The trend variability rate was estimated using the Sen’s slope method, a nonparametric estimation of the linear regression coefficients of the sequence data. It is usually used alongside the Mann–Kendall test to calculate the magnitude of change in a variable43. The general forms are expressed below:

$$Y\left( t \right) = SLOPE \cdot t + b$$
(7)
$$SLOPE_{i} = \frac{{Y_{j} - Y_{k} }}{j - k}$$
(8)

where b is the constant term, i denotes the county, j and k denote years (j > k), SLOPEi is the Sen’s slope value of yield changes for county i, and Yj and Yk are the maize yield in the year j and k, respectively. If we let N be the time series length, SLOPE is presented as below:

$$SLOPE = \left\{ {\begin{array}{*{20}l} {SLOPE_{{\frac{{\left( {N + 1} \right)}}{2}}} } \hfill & {N\;is\;odd} \hfill \\ {\left( {SLOPE_{{\frac{N}{2}}} + SLOPE_{{\frac{{\left( {N + 2} \right)}}{2}}} } \right)/2} \hfill & {N\;is\;even} \hfill \\ \end{array} } \right.$$
(9)

In this study, the Excel template application MAESENS of the Mann–Kendall and Sen’s slope methods as developed by Salmi et al.44, were used to identify the change rates of HB potential yield and climatic factors and their significance during crop season for each station during 1978–2017.

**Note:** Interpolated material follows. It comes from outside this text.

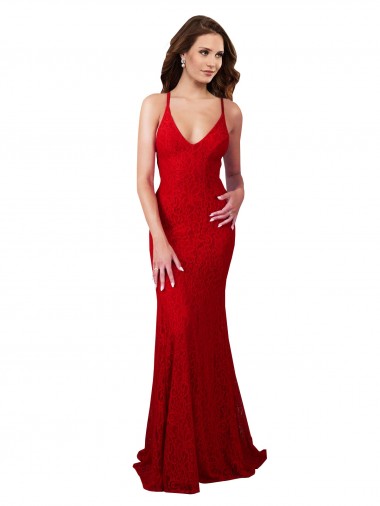 Sleeveless V-Neck Low Back Lace Mermaid Formal Dress / Bridesmaid Dress Newcastle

Potential yield simulation

In this study, WOFOST 7.1.7 was applied to simulate HB potential yield. WOFOST is a classical mechanism model, consists of several modules including photosynthesis, respiration, transpiration, nutrient cycling and dry matter distribution45,46, and performs well in simulating potential yield and crop phenology. The simulation process needs basic crop parameters, climatic data including maximum, minimum temperatures, radiation intensity, water vapor pressure, average wind speed and soil data such as soil texture, organic matter content and water conductivity47,48,49.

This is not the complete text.